I would be grateful for what is likely the extremely simple correction required to get out of this misery!

Regards

PTB

### peter.t...@gmail.com

Oct 6, 2023, 10:54:50 AM10/6/23
to Clash - Hardware Description Language
The answer was to change the proxy type to

data Append (m :: Type->Type) (a :: Type) (f :: TyFun Nat Type) :: Type
type instance Apply (Append m a) l = a -> m (Vec l a)

from

data Append (k :: Nat) (m :: Type->Type) (a :: Type) (f :: TyFun Nat Type) :: Type
type instance Apply (Append k m a) l = a -> m (Vec (l + k) a)

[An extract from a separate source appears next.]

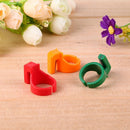 3pcs Plastic Sewing Thimble Ring with Blade Finger Thimble Thread Cutter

That  removes the extra k references from the manual's example, which is as follows:

data Append (k :: Nat) (a :: Type) (f :: TyFun Nat Type) :: Type
type instance Apply (Append k a) l = Vec (l + k) a

There is really only an additional type parameter m:Type->Type in my own non-working try at it, with refererence to the manual's example. That and the a->m(- ) wrapper on the result type. I really could not figure the what or why of things in that example! Is that k in it  surplus to working requirements? Is something wrong with the example in the manual? I suppose I should try the manual example exactly to find out ...

### peter.t...@gmail.com

Oct 7, 2023, 8:16:22 AM10/7/23
to Clash - Hardware Description Language
The manual example is OK, but why I couldn't understand  is now clear (to me). I just record it here.  The example's "Vec(l+m)a" type  proxy sets l and m on an equal footing but in fact, no, the m is an external parameter to an operator on the Vec l a type that changes it to Vec (l+m). It's "higher level" than l. One can see that when one conpares the example's proxy definition with my eventually working definition for my recursion:

data Append (m :: Type->Type) (a :: Type) (f :: TyFun Nat Type) :: Type  -- example
data Append (m :: Nat)              (a :: Type) (f :: TyFun Nat Type) :: Type   -- me

type instance Apply (Append m a) l = Vec (l + m) a                   -- example
type instance Apply (Append m a) l = a -> m (Vec l a)               -- me

The m is  parameter to the constructor that makes a new type from old, in the one case making Vec (l+m) a from Vec l a, and in the other making a->m(Vec l a) from Vec l a. It's not at the same level as l at all. Mystery over.